According to a first aspect of the present invention, an air-fuel ratio control system comprises a first intake control device for controlling an amount of intake air introduced into a first cylinder, and a second intake control device for controlling an amount of intake air introduced into a second cylinder. The system further comprises a controller which controls the first and second intake control devices to operate the first cylinder under a fuel lean air-fuel ratio and to simultaneously operate the second cylinder under a fuel rich air-fuel ratio, when the engine is operated under a predetermined condition.
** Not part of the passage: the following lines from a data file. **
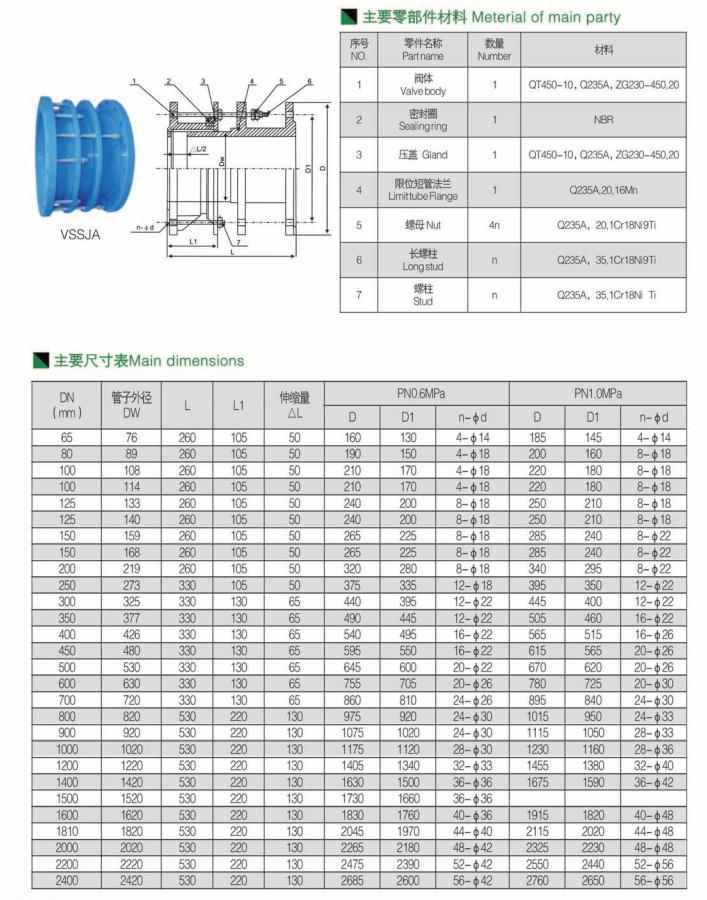 雙法蘭限位伸縮接頭 雙法蘭限位伸縮接頭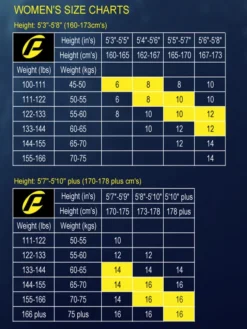 Dry And Wet Suit Sales Store -Dry And Wet Suit Sales Store Probe Womens Wetsuit Size Chart dbf398ff 09e9 43e3 86da babe732e4430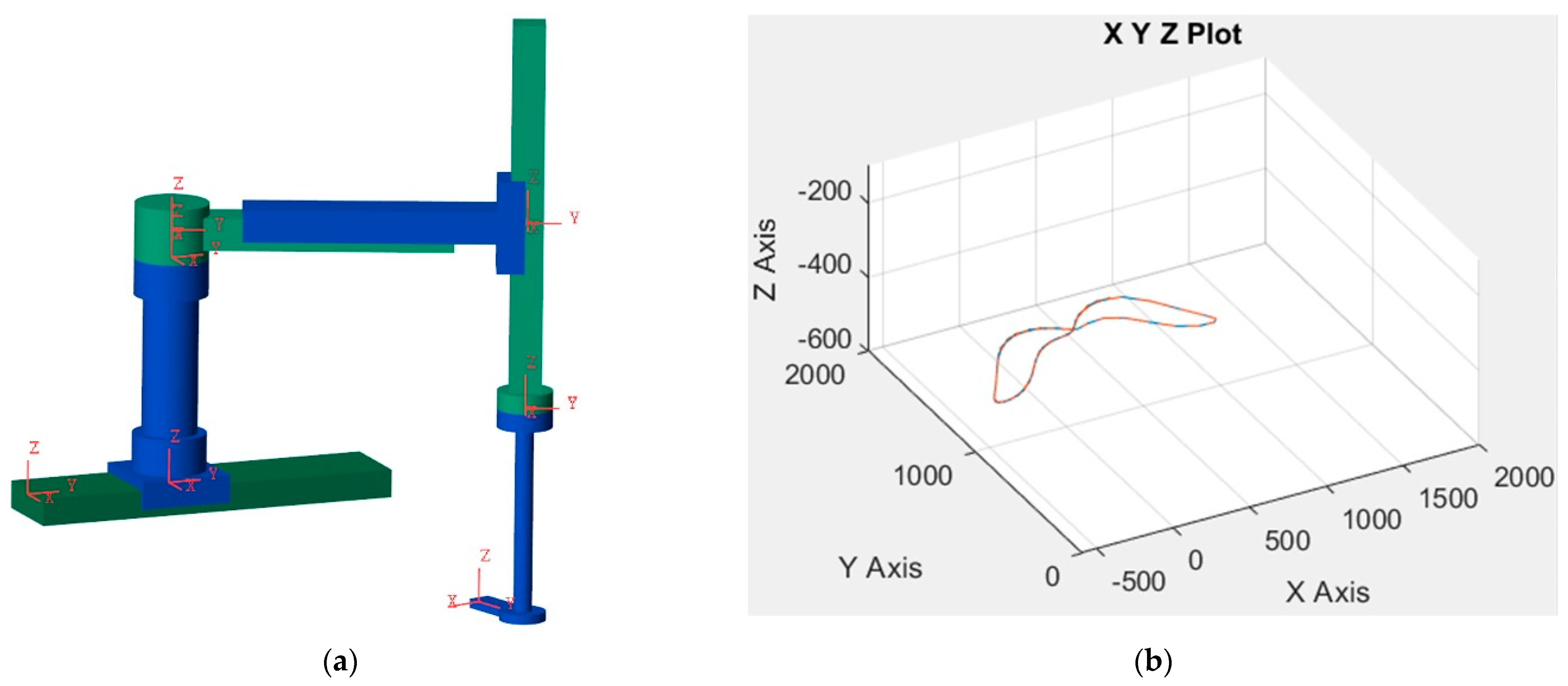 Machines 11 00548 g005a Machines 11 00548 g005a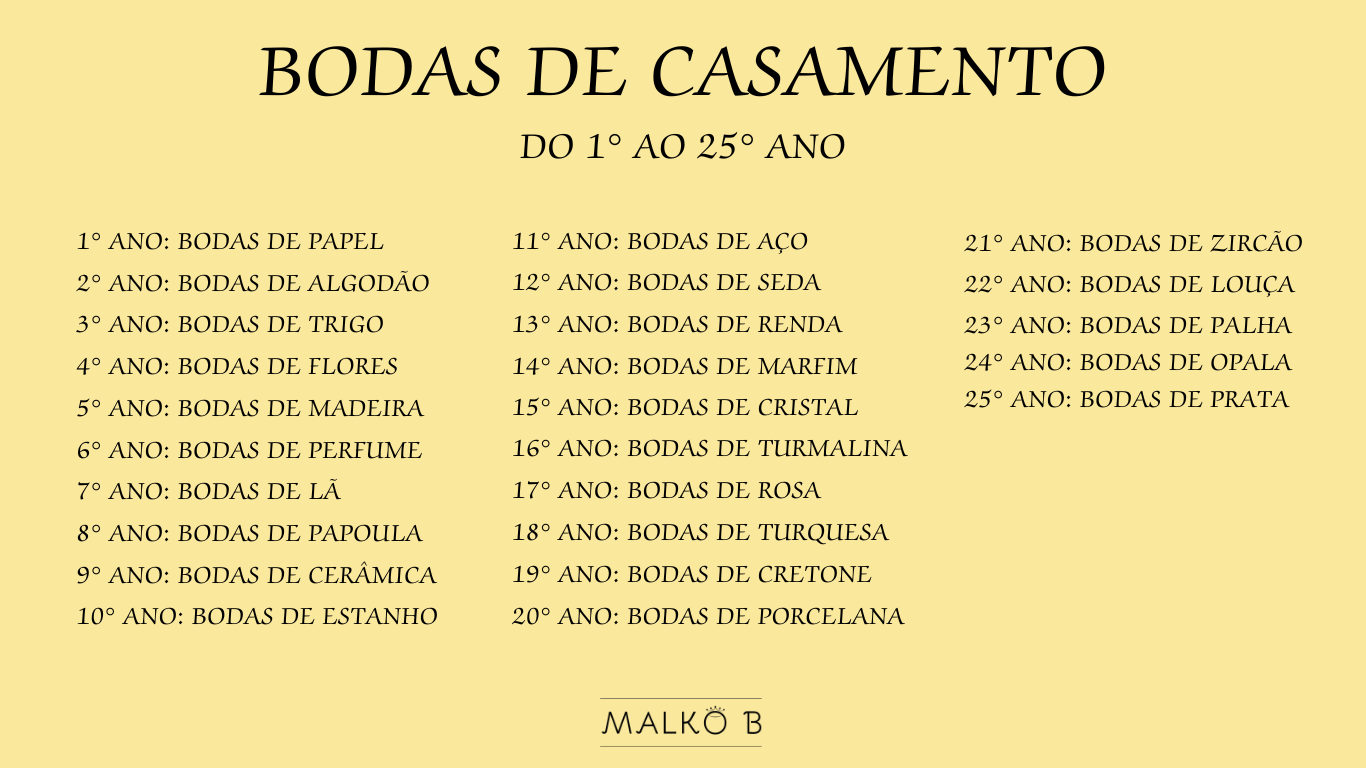 Bodas de Noivado Mensais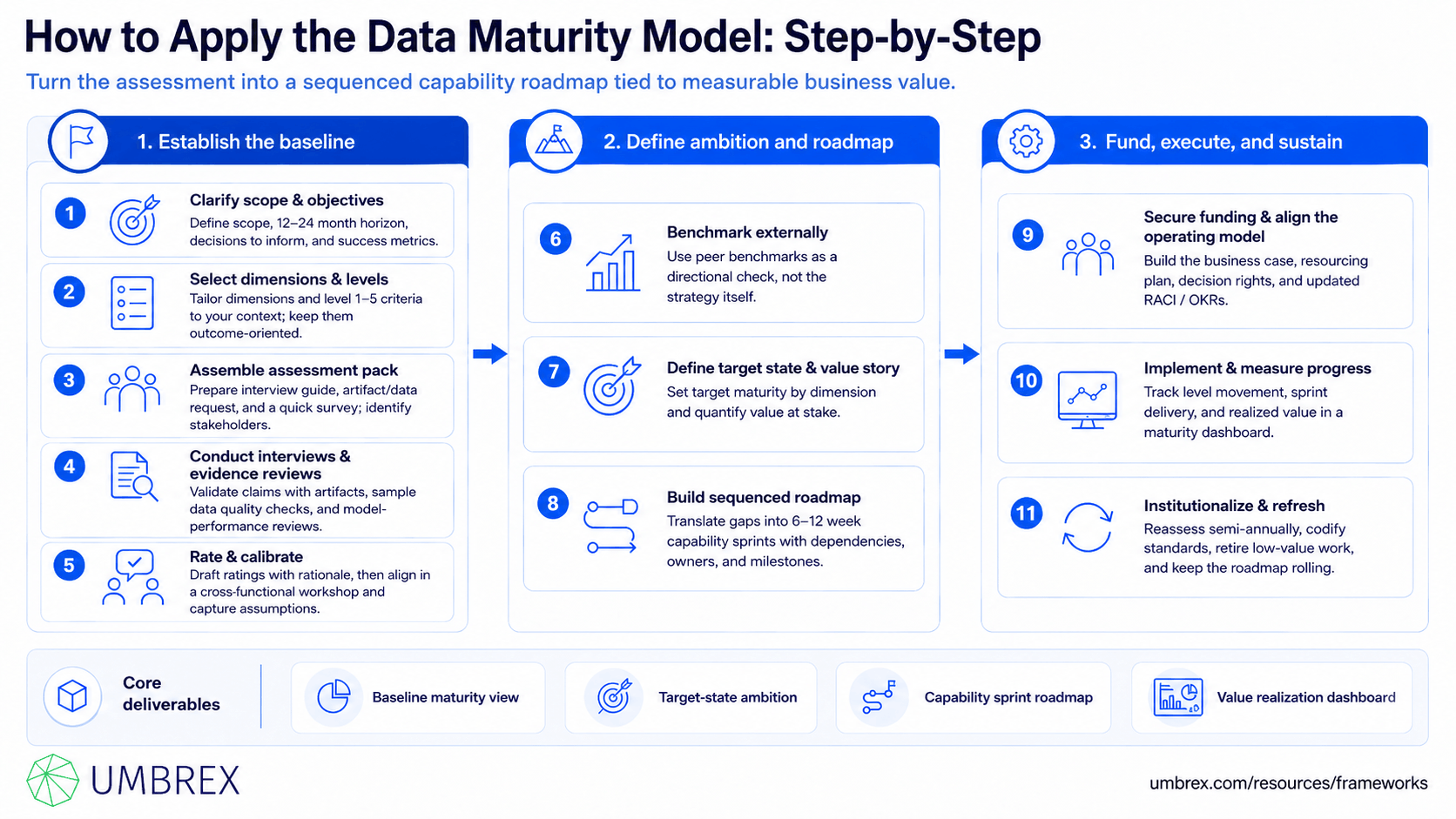 Data Maturity Model for Marketing Analytics, specifically how to apply this framework, including assessing current analytics capabilities, identifying data and technology gaps, improving data quality and governance, advancing reporting and predictive analytics, and building a data-driven marketing organization.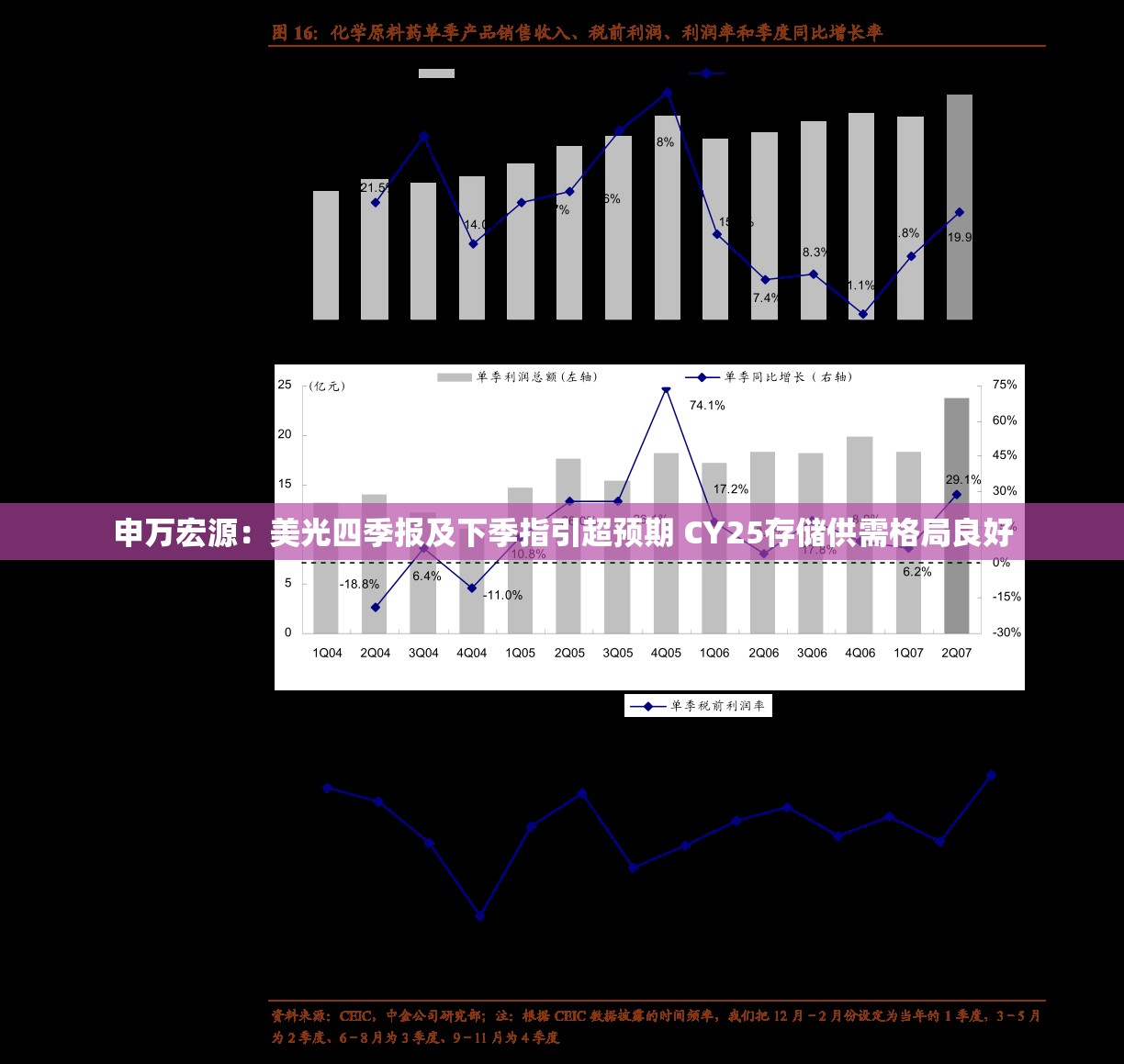 申万宏源：美光四季报及下季指引超预期 CY25存储供需格局良好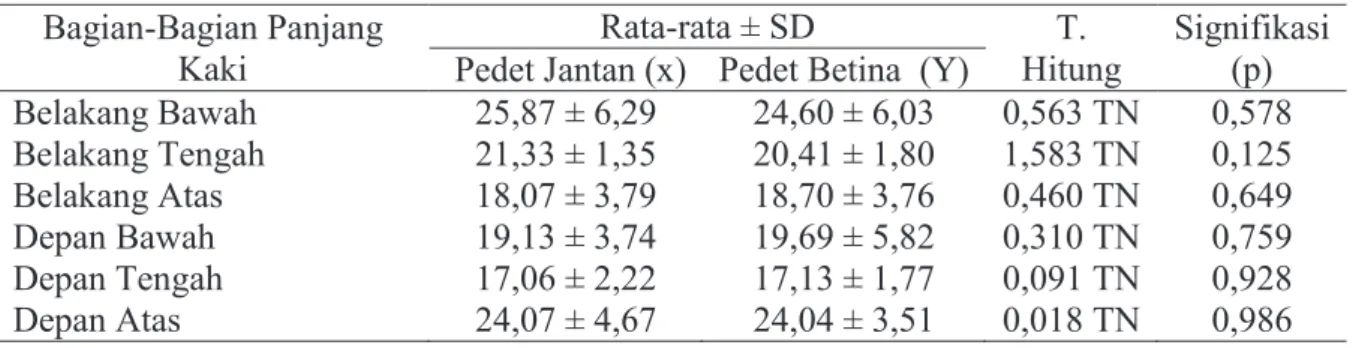 Tabel 1. Hasil Uji T Hubungan perbandingan bagian-bagian panjang kaki depan dan  belakang pada pedet jantan dengan pedet yang betina 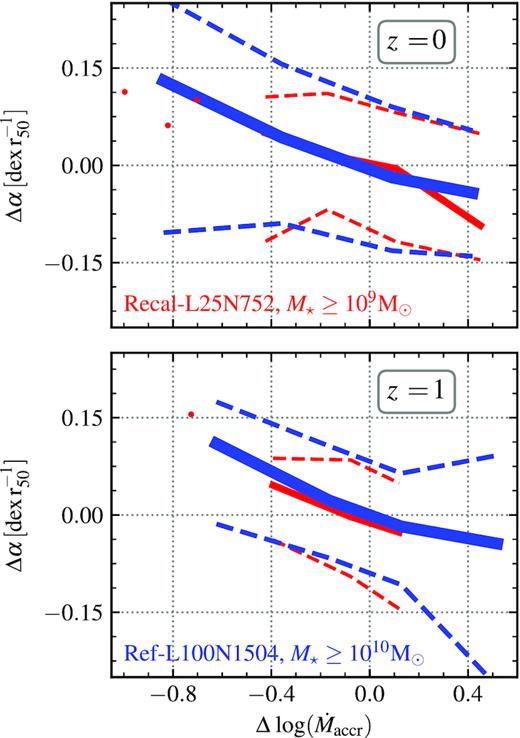 The residuals of the α–M⋆ relation (Δα) as a function of the residuals of the $\dot{M}_{\rm accr}$–M⋆ relation (Δlog ($\dot{M}_{\rm accr}$)), with α being the inner slope (r/r50 ≤ 1) of the RMP. Top and bottom panels show galaxies at z = 0 and 1, respectively. Red and blue represent the Recal-L25N752 and Ref-L100N1504 simulations, respectively. The 16th–84th percentiles are depicted as dashed lines, and solid lines show medians. We show individual galaxies where bins have fewer than 10 objects (red symbols). Having eliminated the dependence on stellar mass, we still see a very strong anti-correlation between α and $\dot{M}_{\rm accr}$, indicating this to be independent of stellar mass. The two simulations are in good agreement. Ref-L100N1504 covers a wider range of $\dot{M}_{\rm accr}$ due to the larger cosmological volume compared to Recal-L25N752.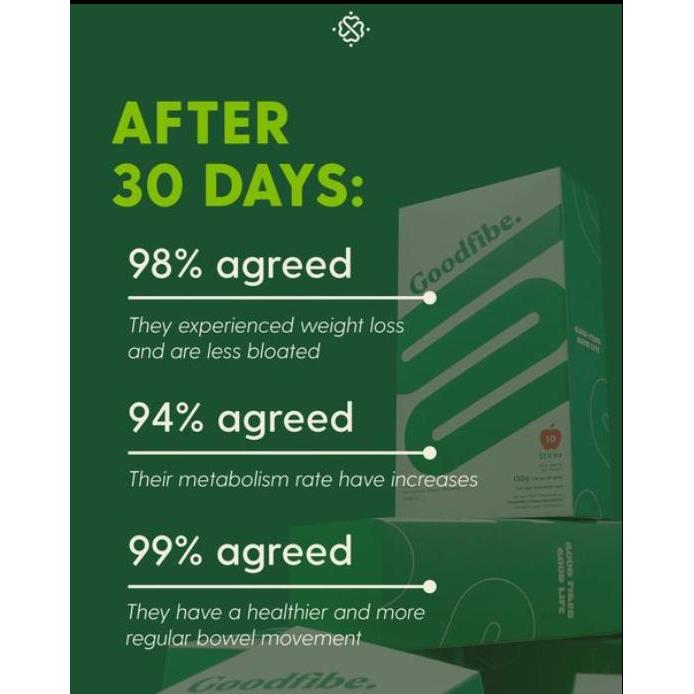 veri- Goodfibe Probiotik Fiber Jellytox Detoks Pencernaan 10 Sachet 150 Gram Tinggi Serat &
Therefore, it is possible to supply different exhaust gas contents from the first cylinder and the second cylinder. The first cylinder operated under the lean air-fuel ratio emits NOx or O2 more than the second cylinder. On the other hand, the second cylinder operated under the rich air-fuel ratio emits HC and CO more than the first cylinder. Therefore, it is possible to deoxidize NOx by HC and CO. Otherwise, it is possible to make HC and CO to react with O2 and to generate heat.